WHAT THIS TASK INVOLVES → Below is a listing; reproduce each line of it exactly.
******************************
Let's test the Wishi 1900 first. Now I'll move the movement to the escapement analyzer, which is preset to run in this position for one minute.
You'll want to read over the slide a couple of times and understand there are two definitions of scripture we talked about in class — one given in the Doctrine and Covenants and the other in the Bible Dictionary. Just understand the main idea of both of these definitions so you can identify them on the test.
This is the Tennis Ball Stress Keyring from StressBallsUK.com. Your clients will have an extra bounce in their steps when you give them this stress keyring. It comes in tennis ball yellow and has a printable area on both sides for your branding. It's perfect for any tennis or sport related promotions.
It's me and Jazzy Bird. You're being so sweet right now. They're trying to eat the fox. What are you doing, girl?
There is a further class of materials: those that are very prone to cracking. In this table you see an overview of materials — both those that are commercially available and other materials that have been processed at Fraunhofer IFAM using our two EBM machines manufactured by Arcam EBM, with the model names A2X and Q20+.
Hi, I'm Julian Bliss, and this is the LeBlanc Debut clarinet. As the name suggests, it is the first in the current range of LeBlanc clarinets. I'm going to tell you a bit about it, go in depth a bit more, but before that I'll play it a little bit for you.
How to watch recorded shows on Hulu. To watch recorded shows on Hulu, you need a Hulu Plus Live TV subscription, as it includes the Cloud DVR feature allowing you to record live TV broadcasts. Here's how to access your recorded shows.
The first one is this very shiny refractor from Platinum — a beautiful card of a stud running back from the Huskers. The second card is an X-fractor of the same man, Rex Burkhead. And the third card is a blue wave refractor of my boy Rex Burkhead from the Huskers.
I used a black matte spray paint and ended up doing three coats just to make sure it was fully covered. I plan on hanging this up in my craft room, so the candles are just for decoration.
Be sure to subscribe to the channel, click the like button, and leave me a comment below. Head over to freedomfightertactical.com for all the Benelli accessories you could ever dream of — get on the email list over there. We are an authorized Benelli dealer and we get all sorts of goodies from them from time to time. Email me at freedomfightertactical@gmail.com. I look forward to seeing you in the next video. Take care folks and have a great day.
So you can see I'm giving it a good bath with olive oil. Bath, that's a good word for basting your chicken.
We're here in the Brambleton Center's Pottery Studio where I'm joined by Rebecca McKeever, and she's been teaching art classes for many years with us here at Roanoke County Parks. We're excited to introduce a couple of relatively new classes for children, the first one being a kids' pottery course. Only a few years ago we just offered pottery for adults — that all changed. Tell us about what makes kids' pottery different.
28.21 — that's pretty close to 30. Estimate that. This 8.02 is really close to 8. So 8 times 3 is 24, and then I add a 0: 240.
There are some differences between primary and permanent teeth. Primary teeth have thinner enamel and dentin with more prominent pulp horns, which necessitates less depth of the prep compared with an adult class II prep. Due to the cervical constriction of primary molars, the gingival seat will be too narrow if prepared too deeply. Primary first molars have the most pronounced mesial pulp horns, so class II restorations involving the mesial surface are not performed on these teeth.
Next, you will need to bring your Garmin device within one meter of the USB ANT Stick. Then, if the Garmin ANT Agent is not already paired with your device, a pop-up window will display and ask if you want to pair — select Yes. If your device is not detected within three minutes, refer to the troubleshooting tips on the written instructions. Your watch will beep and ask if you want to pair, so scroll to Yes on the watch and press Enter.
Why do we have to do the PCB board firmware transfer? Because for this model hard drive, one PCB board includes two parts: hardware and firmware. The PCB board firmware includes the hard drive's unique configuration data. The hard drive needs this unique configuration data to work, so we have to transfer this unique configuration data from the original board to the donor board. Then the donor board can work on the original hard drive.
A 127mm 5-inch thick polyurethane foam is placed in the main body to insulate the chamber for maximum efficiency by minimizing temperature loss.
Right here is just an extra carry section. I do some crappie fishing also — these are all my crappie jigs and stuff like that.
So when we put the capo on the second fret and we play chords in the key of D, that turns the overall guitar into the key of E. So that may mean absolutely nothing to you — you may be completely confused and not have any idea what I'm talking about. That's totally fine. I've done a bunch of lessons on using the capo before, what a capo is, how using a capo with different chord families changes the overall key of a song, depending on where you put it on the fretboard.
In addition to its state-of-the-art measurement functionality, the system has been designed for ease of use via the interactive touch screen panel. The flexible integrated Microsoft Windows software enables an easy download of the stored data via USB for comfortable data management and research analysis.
******************************
RESPONSE BOX →
Let's test the Wishi 1900 first. Now I'll move the movement to the escapement analyzer, which is preset to run in this position for one minute.
You'll want to read over the slide a couple of times and understand there are two definitions of scripture we talked about in class — one given in the Doctrine and Covenants and the other in the Bible Dictionary. Just understand the main idea of both of these definitions so you can identify them on the test.
This is the Tennis Ball Stress Keyring from StressBallsUK.com. Your clients will have an extra bounce in their steps when you give them this stress keyring. It comes in tennis ball yellow and has a printable area on both sides for your branding. It's perfect for any tennis or sport related promotions.
It's me and Jazzy Bird. You're being so sweet right now. They're trying to eat the fox. What are you doing, girl?
There is a further class of materials: those that are very prone to cracking. In this table you see an overview of materials — both those that are commercially available and other materials that have been processed at Fraunhofer IFAM using our two EBM machines manufactured by Arcam EBM, with the model names A2X and Q20+.
Hi, I'm Julian Bliss, and this is the LeBlanc Debut clarinet. As the name suggests, it is the first in the current range of LeBlanc clarinets. I'm going to tell you a bit about it, go in depth a bit more, but before that I'll play it a little bit for you.
How to watch recorded shows on Hulu. To watch recorded shows on Hulu, you need a Hulu Plus Live TV subscription, as it includes the Cloud DVR feature allowing you to record live TV broadcasts. Here's how to access your recorded shows.
The first one is this very shiny refractor from Platinum — a beautiful card of a stud running back from the Huskers. The second card is an X-fractor of the same man, Rex Burkhead. And the third card is a blue wave refractor of my boy Rex Burkhead from the Huskers.
I used a black matte spray paint and ended up doing three coats just to make sure it was fully covered. I plan on hanging this up in my craft room, so the candles are just for decoration.
Be sure to subscribe to the channel, click the like button, and leave me a comment below. Head over to freedomfightertactical.com for all the Benelli accessories you could ever dream of — get on the email list over there. We are an authorized Benelli dealer and we get all sorts of goodies from them from time to time. Email me at freedomfightertactical@gmail.com. I look forward to seeing you in the next video. Take care folks and have a great day.
So you can see I'm giving it a good bath with olive oil. Bath, that's a good word for basting your chicken.
We're here in the Brambleton Center's Pottery Studio where I'm joined by Rebecca McKeever, and she's been teaching art classes for many years with us here at Roanoke County Parks. We're excited to introduce a couple of relatively new classes for children, the first one being a kids' pottery course. Only a few years ago we just offered pottery for adults — that all changed. Tell us about what makes kids' pottery different.
28.21 — that's pretty close to 30. Estimate that. This 8.02 is really close to 8. So 8 times 3 is 24, and then I add a 0: 240.
There are some differences between primary and permanent teeth. Primary teeth have thinner enamel and dentin with more prominent pulp horns, which necessitates less depth of the prep compared with an adult class II prep. Due to the cervical constriction of primary molars, the gingival seat will be too narrow if prepared too deeply. Primary first molars have the most pronounced mesial pulp horns, so class II restorations involving the mesial surface are not performed on these teeth.
Next, you will need to bring your Garmin device within one meter of the USB ANT Stick. Then, if the Garmin ANT Agent is not already paired with your device, a pop-up window will display and ask if you want to pair — select Yes. If your device is not detected within three minutes, refer to the troubleshooting tips on the written instructions. Your watch will beep and ask if you want to pair, so scroll to Yes on the watch and press Enter.
Why do we have to do the PCB board firmware transfer? Because for this model hard drive, one PCB board includes two parts: hardware and firmware. The PCB board firmware includes the hard drive's unique configuration data. The hard drive needs this unique configuration data to work, so we have to transfer this unique configuration data from the original board to the donor board. Then the donor board can work on the original hard drive.
A 127mm 5-inch thick polyurethane foam is placed in the main body to insulate the chamber for maximum efficiency by minimizing temperature loss.
Right here is just an extra carry section. I do some crappie fishing also — these are all my crappie jigs and stuff like that.
So when we put the capo on the second fret and we play chords in the key of D, that turns the overall guitar into the key of E. So that may mean absolutely nothing to you — you may be completely confused and not have any idea what I'm talking about. That's totally fine. I've done a bunch of lessons on using the capo before, what a capo is, how using a capo with different chord families changes the overall key of a song, depending on where you put it on the fretboard.
In addition to its state-of-the-art measurement functionality, the system has been designed for ease of use via the interactive touch screen panel. The flexible integrated Microsoft Windows software enables an easy download of the stored data via USB for comfortable data management and research analysis.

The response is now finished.